Your client has exciting news that they want to get out, and it’s your job to get them the coverage that they’re looking for.  Whether it’s a new consumer product they are launching, a grand opening or just a big announcement, you need to find the correct reporters who will be eager to share the information.  This can be an intimidating task for public relations professionals, as members of the media can be notoriously difficult to get a hold of.  But if you do your research and follow these guidelines, you can build a solid list of media contacts that you can work with for a long time.

1.  Make sure you do your homework.  For starters, you’re going to need to build your media list, adding the appropriate media that would be the best fit for your client.  Once you have built this list, it is equally as important to find the correct contact that you should be speaking with at each publication.  If you are pitching a health story, then you need to contact their health editor, not their fashion editor or wine columnist.  Read some of their previous articles, look at the trends in the industry and adjust your outreach accordingly.

2. Be familiar with who you are pitching.  You want to be very knowledgeable about the outlet that you are pitching.  Be able to explain to them why your client will be a good fit for them, and why their readers/ viewers would want to learn more. It is also advantageous to know what that journalist has covered recently, and what they may be covering down the road through editorial calendars.  If you’ve never seen their magazine or newspaper before, go pick it up and give it a read.

3. Try to get them on the phone.  Reporters get hundreds upon hundreds of emails a day, many of which surely go unnoticed.  If you try to get them on the phone you may catch them at just the right time, but make sure you’re not catching them at the wrong time. Be mindful of editors who are on deadlines, if you’re calling a different time zone or if a TV station is on set.

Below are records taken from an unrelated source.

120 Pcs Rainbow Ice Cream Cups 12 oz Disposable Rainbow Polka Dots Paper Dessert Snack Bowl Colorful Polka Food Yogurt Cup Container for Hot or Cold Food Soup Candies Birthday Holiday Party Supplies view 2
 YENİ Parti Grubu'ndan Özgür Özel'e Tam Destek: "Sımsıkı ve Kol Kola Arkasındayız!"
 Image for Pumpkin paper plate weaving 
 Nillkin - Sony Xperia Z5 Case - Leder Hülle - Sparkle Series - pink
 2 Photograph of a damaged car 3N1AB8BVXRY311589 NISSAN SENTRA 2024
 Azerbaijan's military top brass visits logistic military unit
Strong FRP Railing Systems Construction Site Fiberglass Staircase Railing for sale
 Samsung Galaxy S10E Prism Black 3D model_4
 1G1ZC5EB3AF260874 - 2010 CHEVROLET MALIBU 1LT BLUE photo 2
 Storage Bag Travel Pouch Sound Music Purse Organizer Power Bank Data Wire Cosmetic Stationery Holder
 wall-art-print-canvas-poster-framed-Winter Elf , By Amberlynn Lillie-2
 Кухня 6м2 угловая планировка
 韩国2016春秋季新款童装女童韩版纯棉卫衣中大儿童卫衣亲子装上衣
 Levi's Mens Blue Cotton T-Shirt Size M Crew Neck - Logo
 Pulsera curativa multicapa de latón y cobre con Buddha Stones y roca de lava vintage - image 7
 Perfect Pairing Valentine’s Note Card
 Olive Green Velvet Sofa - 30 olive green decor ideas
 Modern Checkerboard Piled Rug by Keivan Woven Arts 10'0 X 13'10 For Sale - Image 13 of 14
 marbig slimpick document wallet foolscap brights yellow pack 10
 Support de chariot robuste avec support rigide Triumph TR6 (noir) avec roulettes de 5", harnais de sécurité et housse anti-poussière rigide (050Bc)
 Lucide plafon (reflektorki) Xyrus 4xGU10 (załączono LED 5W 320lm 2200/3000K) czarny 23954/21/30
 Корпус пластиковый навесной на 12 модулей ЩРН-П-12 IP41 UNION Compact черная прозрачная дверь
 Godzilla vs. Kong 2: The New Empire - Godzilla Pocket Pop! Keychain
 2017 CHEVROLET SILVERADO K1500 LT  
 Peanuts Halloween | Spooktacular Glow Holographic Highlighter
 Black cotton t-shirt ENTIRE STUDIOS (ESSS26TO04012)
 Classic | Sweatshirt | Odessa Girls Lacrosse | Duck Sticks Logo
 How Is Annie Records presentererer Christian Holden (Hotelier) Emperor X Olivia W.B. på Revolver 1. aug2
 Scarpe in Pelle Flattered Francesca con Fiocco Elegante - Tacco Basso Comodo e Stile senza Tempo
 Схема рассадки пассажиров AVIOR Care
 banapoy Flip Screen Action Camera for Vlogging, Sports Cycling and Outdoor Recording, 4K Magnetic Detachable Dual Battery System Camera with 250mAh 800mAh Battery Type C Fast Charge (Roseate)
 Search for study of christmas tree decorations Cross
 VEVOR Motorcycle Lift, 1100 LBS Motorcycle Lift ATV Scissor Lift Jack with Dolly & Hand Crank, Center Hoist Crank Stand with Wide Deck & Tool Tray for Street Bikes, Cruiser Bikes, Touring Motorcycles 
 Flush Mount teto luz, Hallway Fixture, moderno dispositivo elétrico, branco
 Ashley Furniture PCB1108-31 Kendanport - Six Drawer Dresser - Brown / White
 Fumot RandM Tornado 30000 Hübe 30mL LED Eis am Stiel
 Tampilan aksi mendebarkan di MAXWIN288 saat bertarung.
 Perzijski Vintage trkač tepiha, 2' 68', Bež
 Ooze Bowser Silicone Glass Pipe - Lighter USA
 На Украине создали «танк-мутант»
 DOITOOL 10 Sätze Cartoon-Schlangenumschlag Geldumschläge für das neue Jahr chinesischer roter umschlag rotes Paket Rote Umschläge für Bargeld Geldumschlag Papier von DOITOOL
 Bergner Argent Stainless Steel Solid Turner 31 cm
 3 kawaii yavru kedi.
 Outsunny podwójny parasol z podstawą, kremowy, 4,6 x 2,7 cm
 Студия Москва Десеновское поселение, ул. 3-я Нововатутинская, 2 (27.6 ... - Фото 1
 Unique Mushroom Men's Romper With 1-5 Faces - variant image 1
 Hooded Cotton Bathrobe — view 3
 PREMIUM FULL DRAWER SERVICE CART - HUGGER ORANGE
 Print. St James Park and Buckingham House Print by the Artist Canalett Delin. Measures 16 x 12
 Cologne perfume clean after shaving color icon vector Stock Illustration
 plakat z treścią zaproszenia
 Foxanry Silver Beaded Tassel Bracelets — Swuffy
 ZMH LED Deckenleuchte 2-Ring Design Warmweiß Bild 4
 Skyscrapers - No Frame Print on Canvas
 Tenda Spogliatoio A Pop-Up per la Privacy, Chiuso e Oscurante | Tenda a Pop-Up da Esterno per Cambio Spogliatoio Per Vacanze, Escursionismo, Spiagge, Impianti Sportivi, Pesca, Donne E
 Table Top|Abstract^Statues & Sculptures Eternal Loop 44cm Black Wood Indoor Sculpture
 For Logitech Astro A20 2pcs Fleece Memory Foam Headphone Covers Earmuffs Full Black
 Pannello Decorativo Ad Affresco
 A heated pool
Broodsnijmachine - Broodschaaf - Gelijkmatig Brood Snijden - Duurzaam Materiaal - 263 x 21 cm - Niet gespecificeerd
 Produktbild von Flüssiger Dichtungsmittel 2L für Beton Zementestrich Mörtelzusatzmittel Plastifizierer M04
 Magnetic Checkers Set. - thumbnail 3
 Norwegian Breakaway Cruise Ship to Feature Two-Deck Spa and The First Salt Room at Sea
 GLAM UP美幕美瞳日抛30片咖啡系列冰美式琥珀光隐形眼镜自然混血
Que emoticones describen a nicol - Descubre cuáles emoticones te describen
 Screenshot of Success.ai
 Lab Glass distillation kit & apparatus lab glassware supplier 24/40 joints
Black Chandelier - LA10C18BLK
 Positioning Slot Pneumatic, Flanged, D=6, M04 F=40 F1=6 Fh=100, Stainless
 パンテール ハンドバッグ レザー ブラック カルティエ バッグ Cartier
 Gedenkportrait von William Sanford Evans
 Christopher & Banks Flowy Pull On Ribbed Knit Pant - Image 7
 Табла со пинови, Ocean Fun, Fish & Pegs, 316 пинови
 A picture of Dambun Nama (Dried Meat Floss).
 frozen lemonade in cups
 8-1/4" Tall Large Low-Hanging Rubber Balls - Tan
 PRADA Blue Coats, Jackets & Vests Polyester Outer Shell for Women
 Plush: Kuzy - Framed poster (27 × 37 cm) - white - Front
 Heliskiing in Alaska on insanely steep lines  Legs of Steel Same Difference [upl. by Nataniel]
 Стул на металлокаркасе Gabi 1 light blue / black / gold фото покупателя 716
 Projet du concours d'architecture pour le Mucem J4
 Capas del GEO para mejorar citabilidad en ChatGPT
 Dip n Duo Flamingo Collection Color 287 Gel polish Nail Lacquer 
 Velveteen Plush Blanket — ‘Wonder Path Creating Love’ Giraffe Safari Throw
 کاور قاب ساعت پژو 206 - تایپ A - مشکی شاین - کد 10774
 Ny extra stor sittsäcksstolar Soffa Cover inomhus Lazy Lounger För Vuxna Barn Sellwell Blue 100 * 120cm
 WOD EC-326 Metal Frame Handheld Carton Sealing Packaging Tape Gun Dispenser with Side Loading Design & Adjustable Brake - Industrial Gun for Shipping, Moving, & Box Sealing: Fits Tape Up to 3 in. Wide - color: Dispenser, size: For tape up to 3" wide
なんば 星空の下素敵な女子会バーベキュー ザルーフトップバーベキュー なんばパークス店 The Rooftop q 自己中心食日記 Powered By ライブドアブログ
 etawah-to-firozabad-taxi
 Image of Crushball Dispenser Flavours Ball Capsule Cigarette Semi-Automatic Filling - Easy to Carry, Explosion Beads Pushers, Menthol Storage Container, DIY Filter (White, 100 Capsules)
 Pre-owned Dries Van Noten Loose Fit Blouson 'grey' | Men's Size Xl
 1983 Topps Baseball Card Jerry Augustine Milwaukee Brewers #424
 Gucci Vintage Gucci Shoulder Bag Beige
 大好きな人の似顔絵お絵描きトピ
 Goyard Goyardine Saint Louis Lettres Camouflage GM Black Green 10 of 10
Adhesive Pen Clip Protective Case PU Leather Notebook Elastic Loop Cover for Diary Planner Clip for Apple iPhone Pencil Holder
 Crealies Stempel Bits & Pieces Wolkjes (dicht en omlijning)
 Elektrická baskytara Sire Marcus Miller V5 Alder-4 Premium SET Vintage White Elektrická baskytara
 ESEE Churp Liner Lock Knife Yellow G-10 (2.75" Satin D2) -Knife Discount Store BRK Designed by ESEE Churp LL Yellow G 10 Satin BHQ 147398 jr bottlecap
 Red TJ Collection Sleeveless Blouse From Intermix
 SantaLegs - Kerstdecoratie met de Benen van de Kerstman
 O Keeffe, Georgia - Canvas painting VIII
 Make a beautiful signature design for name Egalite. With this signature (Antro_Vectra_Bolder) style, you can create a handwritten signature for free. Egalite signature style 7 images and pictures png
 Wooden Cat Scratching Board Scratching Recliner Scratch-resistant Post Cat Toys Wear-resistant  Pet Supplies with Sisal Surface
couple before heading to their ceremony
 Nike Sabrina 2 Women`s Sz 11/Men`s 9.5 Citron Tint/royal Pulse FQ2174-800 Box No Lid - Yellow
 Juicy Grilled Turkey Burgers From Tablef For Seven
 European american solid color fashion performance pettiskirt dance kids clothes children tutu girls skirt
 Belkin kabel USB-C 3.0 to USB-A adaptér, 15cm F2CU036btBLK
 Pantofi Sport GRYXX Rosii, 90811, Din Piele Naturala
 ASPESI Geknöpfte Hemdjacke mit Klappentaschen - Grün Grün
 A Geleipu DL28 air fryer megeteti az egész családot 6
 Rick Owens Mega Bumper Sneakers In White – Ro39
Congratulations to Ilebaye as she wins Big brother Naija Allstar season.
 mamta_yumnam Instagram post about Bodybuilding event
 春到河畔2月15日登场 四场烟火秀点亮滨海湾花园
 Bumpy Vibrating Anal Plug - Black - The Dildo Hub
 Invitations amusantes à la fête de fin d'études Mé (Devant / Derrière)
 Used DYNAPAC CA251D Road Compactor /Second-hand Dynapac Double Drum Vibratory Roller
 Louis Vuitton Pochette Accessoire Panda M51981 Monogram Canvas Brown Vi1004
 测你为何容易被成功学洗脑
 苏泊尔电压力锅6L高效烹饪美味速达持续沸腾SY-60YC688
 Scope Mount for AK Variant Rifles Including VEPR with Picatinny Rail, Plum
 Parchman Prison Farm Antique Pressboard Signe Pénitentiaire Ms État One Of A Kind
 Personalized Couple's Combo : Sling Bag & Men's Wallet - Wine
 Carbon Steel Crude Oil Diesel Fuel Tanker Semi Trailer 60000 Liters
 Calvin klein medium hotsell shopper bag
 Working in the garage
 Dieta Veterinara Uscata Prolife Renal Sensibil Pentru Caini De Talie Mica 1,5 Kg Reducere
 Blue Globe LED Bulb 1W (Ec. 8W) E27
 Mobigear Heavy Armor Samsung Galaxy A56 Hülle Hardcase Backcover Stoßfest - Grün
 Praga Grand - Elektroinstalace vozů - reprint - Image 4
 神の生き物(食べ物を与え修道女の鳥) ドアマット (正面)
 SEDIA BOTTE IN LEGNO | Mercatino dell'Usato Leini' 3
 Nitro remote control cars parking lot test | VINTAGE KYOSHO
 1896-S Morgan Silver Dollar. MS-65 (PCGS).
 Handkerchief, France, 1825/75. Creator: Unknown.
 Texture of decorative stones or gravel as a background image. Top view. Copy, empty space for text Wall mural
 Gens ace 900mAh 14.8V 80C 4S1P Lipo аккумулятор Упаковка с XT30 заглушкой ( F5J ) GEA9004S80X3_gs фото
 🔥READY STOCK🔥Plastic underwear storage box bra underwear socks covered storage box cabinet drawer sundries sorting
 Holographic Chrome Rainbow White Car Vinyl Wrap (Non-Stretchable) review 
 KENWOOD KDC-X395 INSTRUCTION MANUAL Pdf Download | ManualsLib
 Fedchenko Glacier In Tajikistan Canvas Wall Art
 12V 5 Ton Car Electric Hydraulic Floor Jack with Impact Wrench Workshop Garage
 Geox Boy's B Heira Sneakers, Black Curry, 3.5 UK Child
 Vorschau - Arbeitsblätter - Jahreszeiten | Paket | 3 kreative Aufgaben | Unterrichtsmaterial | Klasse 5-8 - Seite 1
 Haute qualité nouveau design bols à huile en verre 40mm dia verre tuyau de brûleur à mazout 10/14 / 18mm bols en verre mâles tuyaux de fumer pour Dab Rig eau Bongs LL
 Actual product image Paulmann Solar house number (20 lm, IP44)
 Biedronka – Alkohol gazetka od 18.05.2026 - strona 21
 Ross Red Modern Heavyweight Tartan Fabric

4. Always follow up.  Stories can fall through the cracks.  You may have sent out a pitch that a reporter really took interest in, and then just took a back seat to other things they were working on.  Members of the media have so much going on, it is your job to follow up with them and make sure they have everything they need, will cover your story and craft it in a way the works for your client.

5. Maintain relationships with the media.  The most important item to take away from all of this is building relationships.  A journalist is much more likely to answer a call or email from someone they have spoken to- especially someone who has given him or her the respect he or she deserves by only pitching good, relevant content, than a complete stranger.  Friendly conversation can also go a long way.  Ask people how they are doing, find out their interests, take them out to lunch; all the little things that can build trust and make you someone that they will want to work with now and in the future.

So the next time your client needs the media on your side, follow these guidelines and your pitching will be more effective.  Media coverage is a valuable method of gaining a great amount of credible exposure in a short amount of time, so if you can get their attention, and keep their attention, you’ll be well on your way.